There are Cl+ ions at the corners of a cube of side a = .4nm and a Cs- ion at the center.
a) What is the net force on the Cs- ion?
b) What is the electric field at the center of the cube cause by all of the Cl ions?
c) What is the electric potential at that point?

2. Relevant equations

F = kq1q2 / r2
E = kq / r
U

3. The attempt at a solution

a) Since each force has an equal force from the opposite corner, I think the net force should be 0. (seems too easy for a test problem, so please let me know if i'm wrong.)

B) For the same reasons as above, wouldn't E be 0?

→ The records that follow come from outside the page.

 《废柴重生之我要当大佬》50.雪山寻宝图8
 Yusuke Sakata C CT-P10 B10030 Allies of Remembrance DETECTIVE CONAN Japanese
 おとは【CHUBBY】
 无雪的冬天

C) really not sure where to go with this, guessing its an integral relying on the change in distance from each corner going from start position to infinity, and the the sum of those forces for each 8 corners.

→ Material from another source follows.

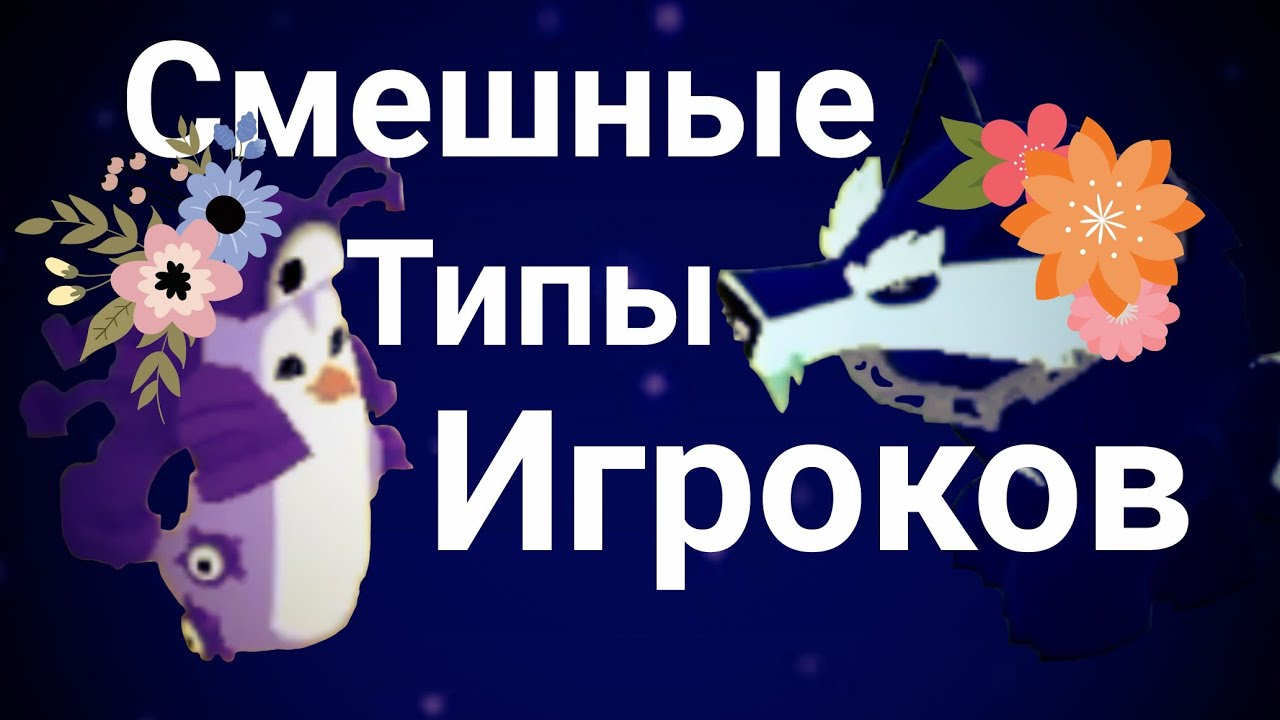 Смешные типы игроков в Animal Jam ХD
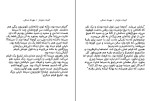 کتاب آبنبات هل دار مهرداد صدقی دانلود PDF-1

Since it could move in a straight line through one of the faces, there would be 2 sets of 4 equal integrals, so i've gotten 4√(3)a/2Edr + 4-√(3)a/2Edr but even if this is right I have E = 0 so I can't do this.

2. Jul 5, 2012

### Yukoel

Hello,
Of course the net electric field at the center is zero.There are symmetrically opposing fields from all vertices.The charges are of the same nature and electric field is a vector.So I think your reasoning for questions a and b is correct. Potential however is a scalar so it has no direction.Just add the potentials due to individual charges ,or for the sake of symmetry seen here multiply potential due to one charge by 8.As far as your integral is concerned (which I will consider a difficult task to work with) see that E=0 only at the center of the cube.(or cuboid)It is not zero anywhere else inside the cube(or cuboid).
(Okay just a side question not related to the topic .Chemistry is not one of my strengths but I think the question should assign negative charges to chlorine ions,isnt it? )
regards
Yukoel

3. Jul 6, 2012

### VictorWutang

so inside the integral is Edr = kq1q2/ r2dr

which, when integrated, is -kq1q2/r

And since ΔV = - ∫Edr so the value i get turns positive, which seems like it would be correct. Then i would just plug in the numbers.

is this right?

4. Jul 6, 2012

### Yukoel

V is a function of the source charge only. What you are deriving is potential energy.Sign seems fine.
You can directly use the expression for potentials considering the point charges separately.Evaluating the integral is correct but unnecessary in your problem.
regards
Yukoel